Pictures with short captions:
···

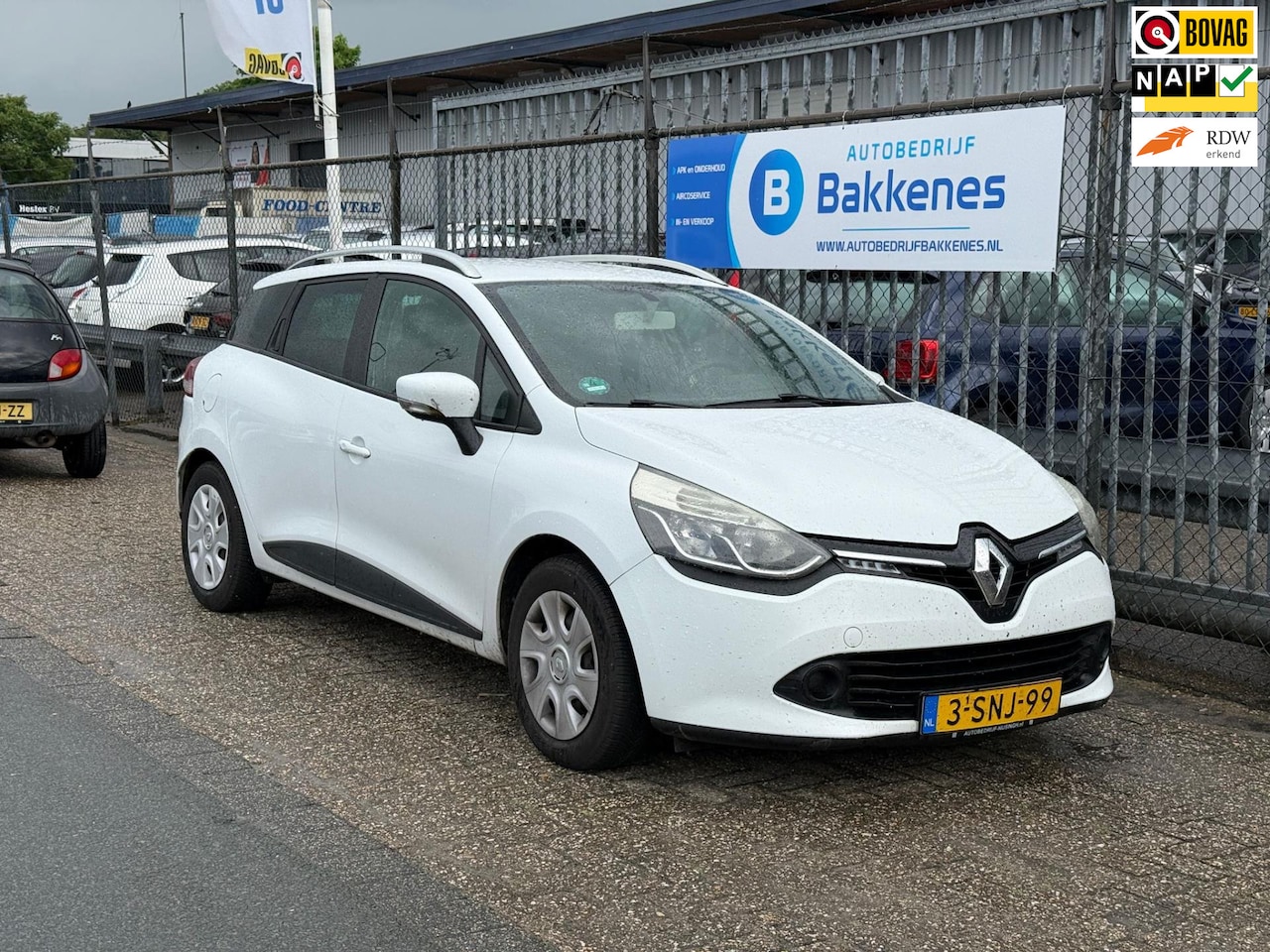 Renault Clio Estate - 1.5 dCi ECO Expression | Airco | Navi | Cruise - AutoWereld.nl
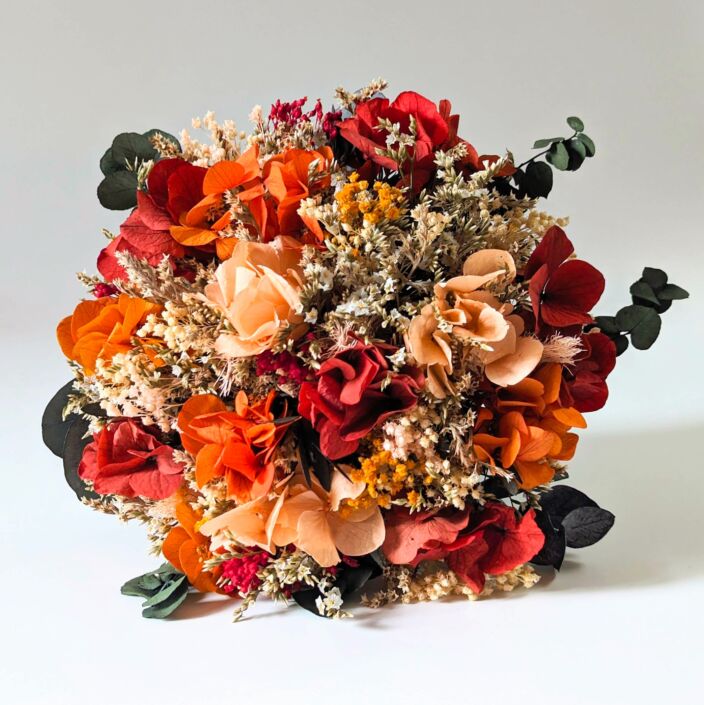 Bouquet de mariée en fleurs séchées et stabilisées aux tonalités rouges, Coco Cinelle 2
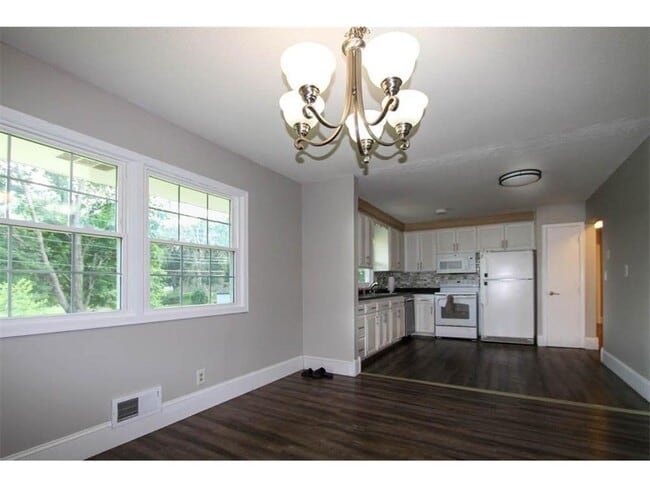 Building Photo - 8613 Zenith Rd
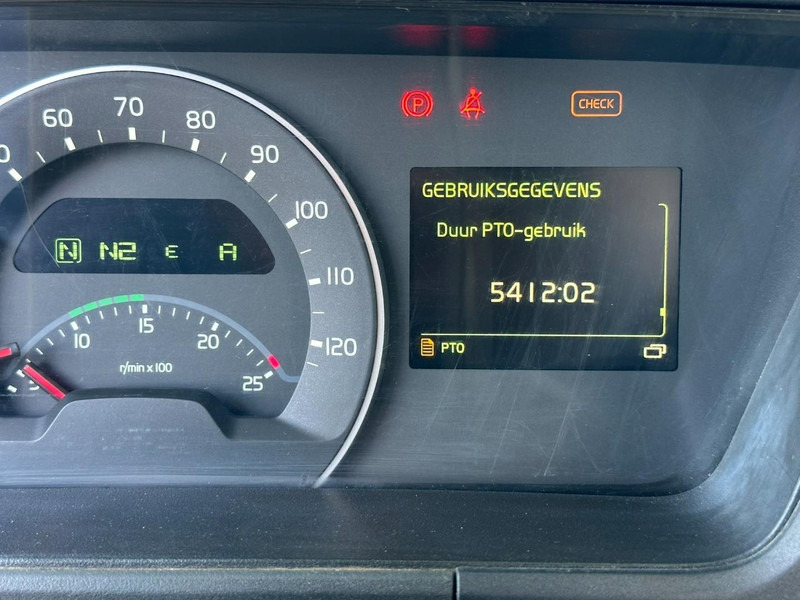 Crane truck Volvo FMX 330 8x4 TRIDEM + CRANE EFFER 265 / 6S - PLATFORM 7m50 - EURO 6 - RADIO - *473.000km* - TÜV 05/2026 - BE TRUCK: picture 13 Crane truck Volvo FMX 330 8x4 TRIDEM + CRANE EFFER 265 / 6S - PLATFORM 7m50 - EURO 6 - RADIO - *473.000km* - TÜV 05/2026 - BE TRUCK: picture 13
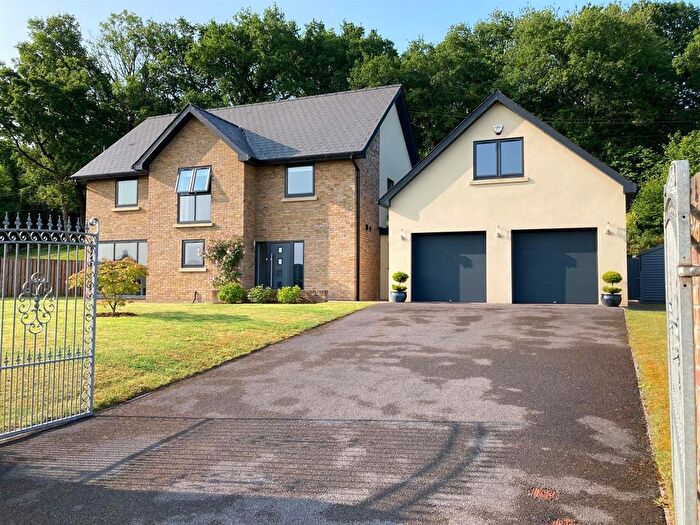5 Bedroom Detached House For Sale In Grey Hill Court, Caerwent, Caldicot, NP26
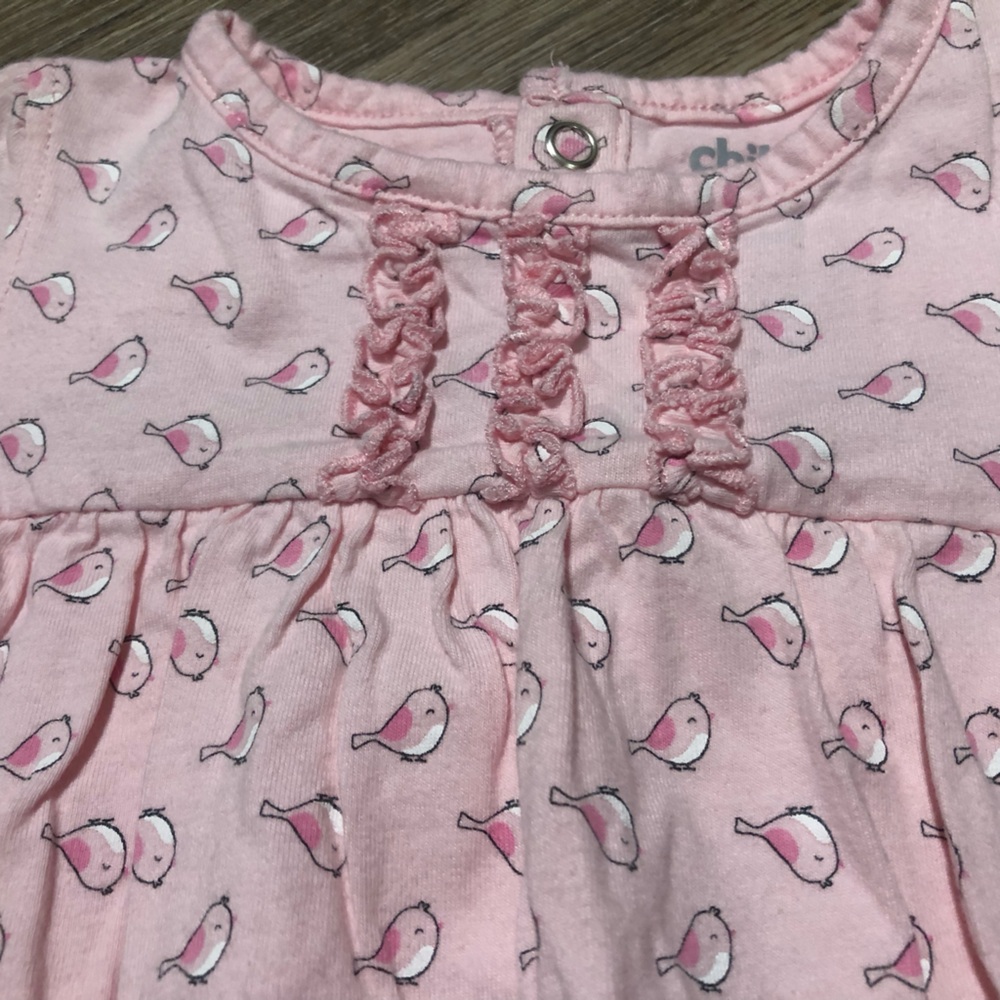 Adorable casual wear for little girl - Picture 3 of 5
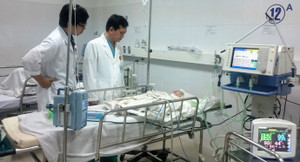 Đi du lịch cùng gia đình, bé trai 3 tuổi rơi từ tầng 5 khách sạn xuống đất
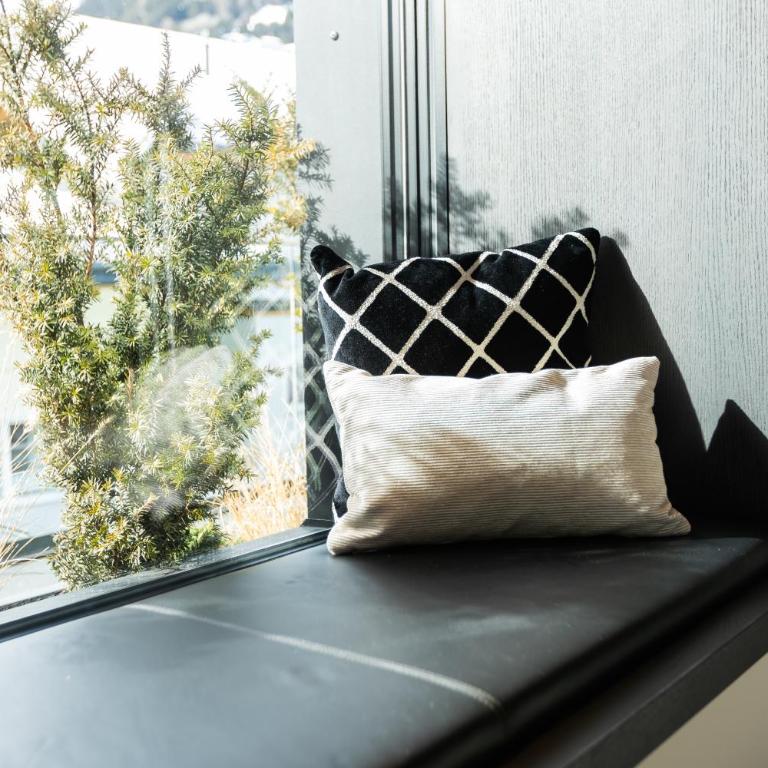Mountain Chalet Kappl - Luxury - Near Ischgl - Panorama Mountain View - Penthouse & Chalets - Deluxe Suite - 3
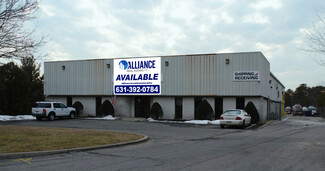 Plus de détails pour 43 Windsor Pl, Central Islip, NY - Industriel/Logistique à louer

···

#### [Directions]
Transcribe exactly the lines from the one with "Bouquet de mariée" to the last line of the records, both included, so that no picture appears in the copy.

#### [Exercise result]
 Bouquet de mariée en fleurs séchées et stabilisées aux tonalités rouges, Coco Cinelle 2
 Building Photo - 8613 Zenith Rd
 Crane truck Volvo FMX 330 8x4 TRIDEM + CRANE EFFER 265 / 6S - PLATFORM 7m50 - EURO 6 - RADIO - *473.000km* - TÜV 05/2026 - BE TRUCK: picture 13 Crane truck Volvo FMX 330 8x4 TRIDEM + CRANE EFFER 265 / 6S - PLATFORM 7m50 - EURO 6 - RADIO - *473.000km* - TÜV 05/2026 - BE TRUCK: picture 13
5 Bedroom Detached House For Sale In Grey Hill Court, Caerwent, Caldicot, NP26
 Adorable casual wear for little girl - Picture 3 of 5
 Đi du lịch cùng gia đình, bé trai 3 tuổi rơi từ tầng 5 khách sạn xuống đất
Mountain Chalet Kappl - Luxury - Near Ischgl - Panorama Mountain View - Penthouse & Chalets - Deluxe Suite - 3
 Plus de détails pour 43 Windsor Pl, Central Islip, NY - Industriel/Logistique à louer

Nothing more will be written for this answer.